Я кинулся следом, но опоздал. Она сжимала серебряную рукоять меча и одним взмахом срезала полог, закрывающий вход. Когда я влетел в хиорт, она стояла рядом с лежащим Муном, приставив остро отточенный кончик сверкающего клинка к коричневому горлу торговца.
— Если бы это случилось в моей стране, я убила бы тебя за то, что ты сделал, — она говорила мягко, без надрыва. Обычно такие красивые фразы оказываются пустыми угрозами — женщина может убить только в порыве ярости, а блондинка казалась совершенно спокойной, но я почему-то был уверен, что жизнь Муна висела на волоске. — В моей стране, если бы я не убила тебя, меня обвинили бы в трусости. Это недостойно не только ан-истойя, но даже истойя. Но ваша страна для меня чужая и обычаев ваших я не знаю, поэтому я оставляю тебе жизнь, — острие меча коснулось горла Муна и на коже выступила капля крови. — Ты ничтожный глупец. Даже не верится, что ты мог распоряжаться жизнью моего брата.

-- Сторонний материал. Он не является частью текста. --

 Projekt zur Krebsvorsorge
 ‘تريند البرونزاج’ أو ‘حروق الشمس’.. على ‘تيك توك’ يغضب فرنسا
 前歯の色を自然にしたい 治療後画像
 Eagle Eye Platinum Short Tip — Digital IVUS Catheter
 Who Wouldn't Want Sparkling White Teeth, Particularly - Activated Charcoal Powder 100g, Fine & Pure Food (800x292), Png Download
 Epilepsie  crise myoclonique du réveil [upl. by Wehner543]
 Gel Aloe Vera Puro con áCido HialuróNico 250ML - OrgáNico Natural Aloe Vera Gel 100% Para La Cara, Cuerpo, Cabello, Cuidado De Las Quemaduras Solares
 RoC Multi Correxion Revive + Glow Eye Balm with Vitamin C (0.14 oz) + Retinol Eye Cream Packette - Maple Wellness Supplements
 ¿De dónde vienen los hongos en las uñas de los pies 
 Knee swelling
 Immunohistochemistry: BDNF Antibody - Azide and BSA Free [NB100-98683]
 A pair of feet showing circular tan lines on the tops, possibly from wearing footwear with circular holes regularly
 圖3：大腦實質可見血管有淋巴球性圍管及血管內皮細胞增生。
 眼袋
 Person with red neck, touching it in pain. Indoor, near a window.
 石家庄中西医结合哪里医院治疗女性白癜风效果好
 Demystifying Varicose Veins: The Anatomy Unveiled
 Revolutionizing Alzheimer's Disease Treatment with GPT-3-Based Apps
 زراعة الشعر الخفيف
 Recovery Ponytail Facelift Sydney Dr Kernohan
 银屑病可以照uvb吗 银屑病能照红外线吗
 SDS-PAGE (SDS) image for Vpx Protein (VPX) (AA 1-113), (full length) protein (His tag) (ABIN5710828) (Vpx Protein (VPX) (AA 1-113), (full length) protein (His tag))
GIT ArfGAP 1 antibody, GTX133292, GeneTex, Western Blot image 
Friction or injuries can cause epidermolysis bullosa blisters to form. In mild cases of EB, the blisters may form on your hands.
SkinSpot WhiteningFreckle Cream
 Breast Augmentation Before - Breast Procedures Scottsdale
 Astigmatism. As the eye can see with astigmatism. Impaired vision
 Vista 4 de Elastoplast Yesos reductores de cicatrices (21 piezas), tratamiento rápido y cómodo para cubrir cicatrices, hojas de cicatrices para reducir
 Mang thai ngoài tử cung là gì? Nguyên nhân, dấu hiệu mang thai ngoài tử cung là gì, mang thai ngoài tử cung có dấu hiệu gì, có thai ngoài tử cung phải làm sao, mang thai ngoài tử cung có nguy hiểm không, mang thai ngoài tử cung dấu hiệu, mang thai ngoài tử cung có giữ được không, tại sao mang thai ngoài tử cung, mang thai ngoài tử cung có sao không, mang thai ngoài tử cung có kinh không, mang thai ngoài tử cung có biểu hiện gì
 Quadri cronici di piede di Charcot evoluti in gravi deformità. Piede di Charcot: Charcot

Бедный старина Мун. Его поросячьи глазки чуть не вылезли из орбит, а вспотел он так, что я просто удивился, как меч не соскальзывает с шеи.
— Твоего брата? — выдавил Мун.
Шелковистые волосы прикрывали ее плечи.
— Пять лет назад мой брат был похищен у Северной границы. Ему было десять лет, работорговец… всего лишь десять лет, — голос ее едва не сорвался, но она справилась с собой. — Мы знаем, работорговец, как высоко вы цените наши светлые волосы, голубые глаза, бледную кожу. В стране темноволосых и темнокожих мужчин по-другому и быть не может, — острие вошло поглубже. — Ты украл моего брата, работорговец. Я хочу его вернуть.
— Я его украл! — оскорбленный Мун дернулся и чуть не проткнул себе горло. — Меня не интересуют мальчики, баска. Я занимаюсь женщинами.
— Лжец, — мягко сказала она. Даже слишком мягко для женщины, готовой убить мужчину. — У вас на Юге полно извращенцев. Они любят выбирать для своих развлечений мальчиков с Севера и хорошо за это платят. Я пять лет училась вести дела, работорговец, так что не ври мне, — носком сандалии она ткнула Муна в объемистый живот. — Светловолосый, голубоглазый мальчик, работорговец, с бледной кожей, похож на меня.
Глазки Муна сверкнули в мою сторону. Я понял его просьбу. С одной стороны, он хотел, чтобы я вмешался и помог ему, с другой, понимал, что если я сделаю хотя бы шаг, она может вонзить клинок в его горло. Я взвесил все за и против и избрал наилучший вариант — подождать.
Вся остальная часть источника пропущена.